Geocaching Analytics – Part 2: GCInsight Data Gathering
This post is going to dive into the details of actually getting the Geocaching data used for later analysis into a convenient and usable source.
Unlike many sample data sources out there, the data is not made (easily) publicly available, though anybody can create a free account and view most of the data on the website. Getting the data out of the website and into a SQL database is another story altogether…
Some things we’ll need to get started:
- Geocaching.com Premium Account – The first step is to upgrade to a Geocaching.com Preimium Account, which as of this writing is currently $20/year. While geocaching.com does offer free accounts, those accounts cannot see all geocaches (many geocaches are flagged as “premium only”) and they also suffer from data export limitations.
- GSAK (The Geocaching Swiss Army Knife) – GSAK is a Windows-based application which is used for downloading and managing Geocache data. It’s one of the few tools which has the ability to download Geocache data from geocaching.com utilizing the Geocaching.com API (more on that later) and handles de-duplicating and merging cache data. This handy application is a one-time payment of $30.

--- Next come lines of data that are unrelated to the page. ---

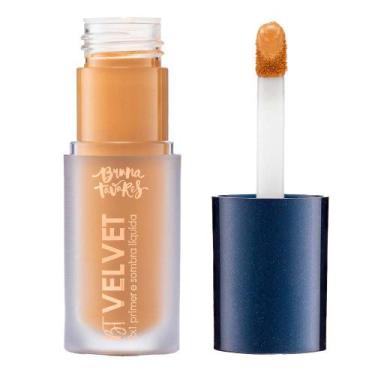 Imagem de Sombra Líquida e Primer 2x1 Bruna Tavares BT Velvet Tons Escuros, Must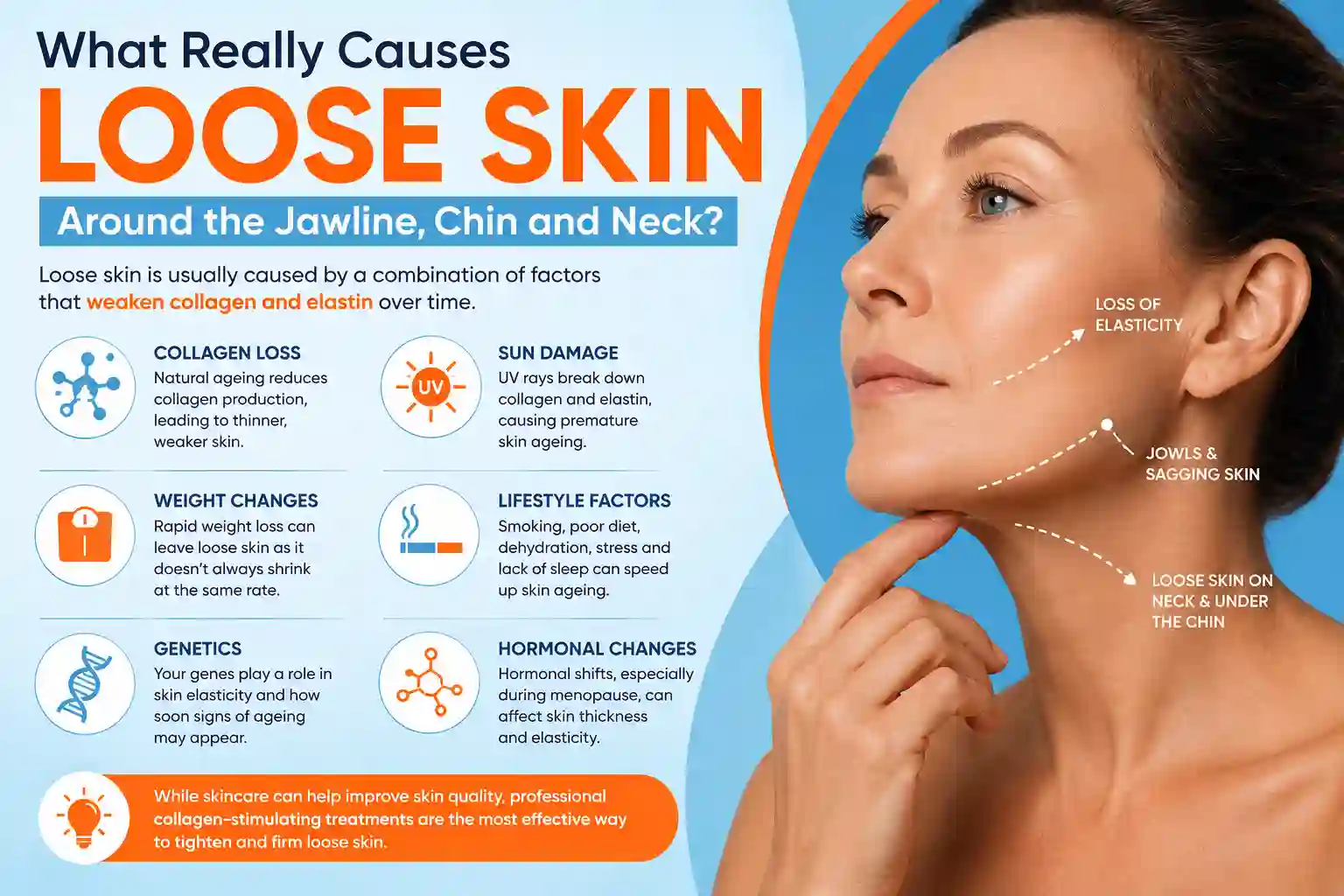 What Really Causes Loose Skin Around the Jawline, Chin and Neck Royal Tunbridge Wells?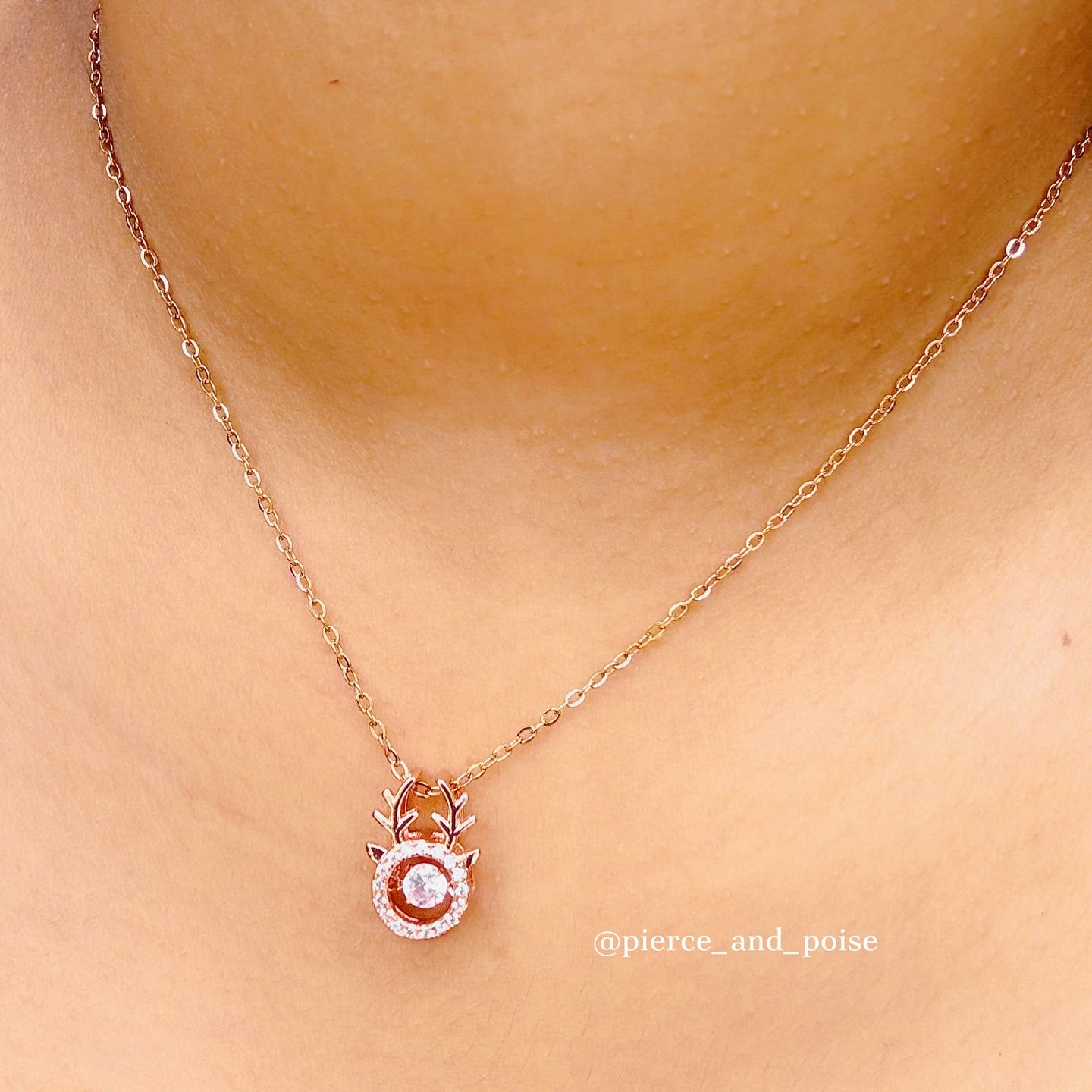 Reindeer pendant necklace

There are three primary methods of retrieving data from the geocaching.com website as of this writing:
- Built-in Functions (Pocket Queries) – Pocket Queries are the functionality built in to the geocaching.com website for premium members. They’re intended as a method of gathering a number of geocaches, based on search parameters, and exporting them to a single XML file (the GPX format). There is a limit of a maximum of 1000 caches that can be returned per query and a maximum of 5 queries that can be run per day. So, using this method, you can export a maximum of 5,000 caches per day. One additional limitation is this method will not retrieve caches which have been retired (archived) but remain in the official geocaching.com database for historical purposes. One strange quirk/weakness to this method is that it will not retrieve the number of favorite points that have been awarded to a cache.
- API Queries (GSAK) – Geocaching.com does not make their API publicly available, instead, you must use a program which has access to the API via their partner program. In this case, that application is GSAK. GSAK has the ability to download geocaches directly from the geocaching.com website via the API. The API allows for a maximum of 6,000 caches to be downloaded (with full details) and 10,000 with light details (typically the light details are fine). This allows for a combined 16,000 caches to be downloaded per day. Additionally, this will retrieve the number of favorite points that have been awarded to a cache.

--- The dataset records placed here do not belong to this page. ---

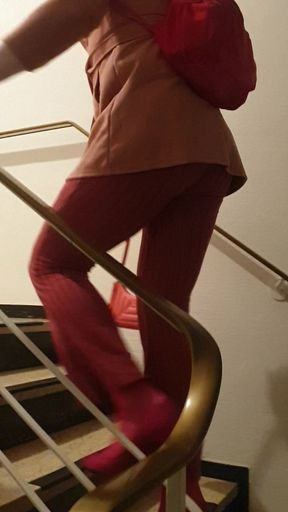 just walking the stairs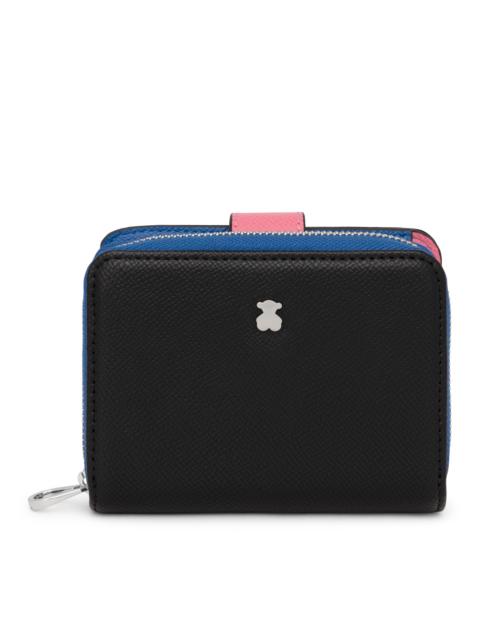 TOUS Small black and blue New Dubai Wallet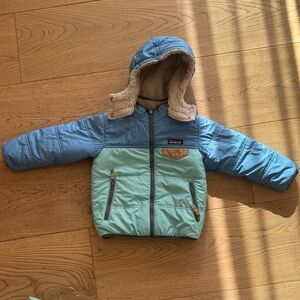 Patagonia Two-Tone Blue Hooded Jacket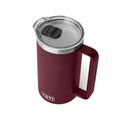 YETI Rambler 34 oz Pitcher, Vacuum Insulated, Stainless Steel with MagSlider Lid, Wild Vine Red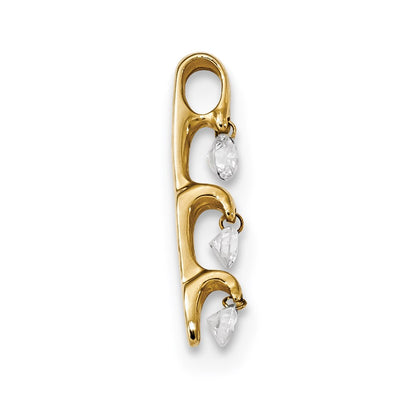 14k Yellow Gold Diamond Pendant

- Web page scraping – Web page scraping is writing a utility which will retrieve a cache detail web page and then scrape the details off of it. Since this functions in the same manner as a client would, there is no limit to the number of geocaches which can be downloaded in this manner, however, it does require writing a custom application and updating it every time the geocaching.com site redesigns their cache detail pages. The c:geo Android app would be an example of this. We won’t be using this method in this application at this time.
So, from the above methods, GSAK sounds like the best method, since it has the highest limits and the ability to retrieve the number of favorite points assigned to a cache as well. The one downside to GSAK is that, due to other limitations in the API, it does not have a good method for retrieving all caches in a state or placed within a date range, so here’s the hybrid approach I recommend:
- Use Pocket Queries for the Initial Load – Due to the 5 Pocket Queries per day limitation, this step will take the longest and may take a week or more. We will take advantage of the “Placed During – Between” filter to create enough Pocket Queries to span from the beginning of Geocaching (5/1/2000) until today. Create your first pocket query with the following options set (all others default):
- 1000 caches total (the maximum)
- Within States – Georgia (or your state)
- From Origin – By Coordinates (Enter coordinates for around the center of your state…it doesn’t have to be exact, but you should be able to get everywhere in the state within 500 miles of that point)
- Within a radius of: 500 miles (the maximum)
- Placed During – Between: Choose a date range that gets you less than 1,000 caches (it will tell you 1,000 even if you go over 1,000). Pressing the submit button tells you the number of results. Simply refine your age range until you have a result between 900 and 999.
- Output to GPS Exchange Format (*.gpx)
|The number of cache results returned from a given Pocket Query.|
|The full options to set for a Pocket Query.|
- Schedule Pocket Queries to Run One Time, 5/Day – With enough Pocket Queries created to cover all of the active caches in your state (about 20 for Georgia as of this writing), you now need to schedule them. As you can only run 5 per day, it may take a week or more of scheduled queries to run them all. When each one runs, a .ZIP file will be available for download (for up to 6 days) which can be downloaded manually or via the Download Pocket Queries option in GSAK.
Staggered 5/day Pocket Queries.
- Import Pocket Queries Into GSAK – With the Pocket Queries run, you can now import the data into GSAK. If you’ve downloaded the .ZIP files, you can load them via the File -> Load GPX/LOC/ZIP file option. If you have not downloaded them yet, you can load them via the Geocaching.com Access -> Download Pocket Queries… option. Make sure to set the County update option to Y on the load settings dialog to ensure you get county data as well.
GSAK Load Options with County
- Refresh the Cache Data via GSAK for All Caches – With a copy of all of the active Geocaches in your area now downloaded to a local database, you now need to perform a cache refresh. This is necessary as the number of Favorite Points awarded to a cache is not loaded when a Pocket Query is downloaded, which is needed for some of the most interesting analysis. Due to the API limitation of 6,000 Full Detail caches, it is necessary to set a filter based on the Placed Date such that you have just under 6,000 caches shown (in the status bar bat the bottom or the screen). This may take a couple of days to complete due to the API limitations.
The GSAK Placed Date Filter with 6,000 Caches Shown.
|Set the Scope to All in Current Filter and the format to Full details.|
- Use Pocket Queries for the Initial Load of Any New Caches – The hard part is completed! Going forward, use a Pocket Query, running say once a week or so, to download any caches placed after your date. This will keep the database up to date as new caches are released.
- Refresh the Cache Data via GSAK at regular intervals – Periodically, especially after new caches are entered via a Pocket Query, you will want to go through and refresh your entire cache database using the Placed Date intervals. Unless you are doing analysis using cache logs, the Light Format (10,000) limit is adequate and you can combine Light and Full to do 16,000 refreshes per day. Should an active cache be retired (archived) these refreshes will mark them as so.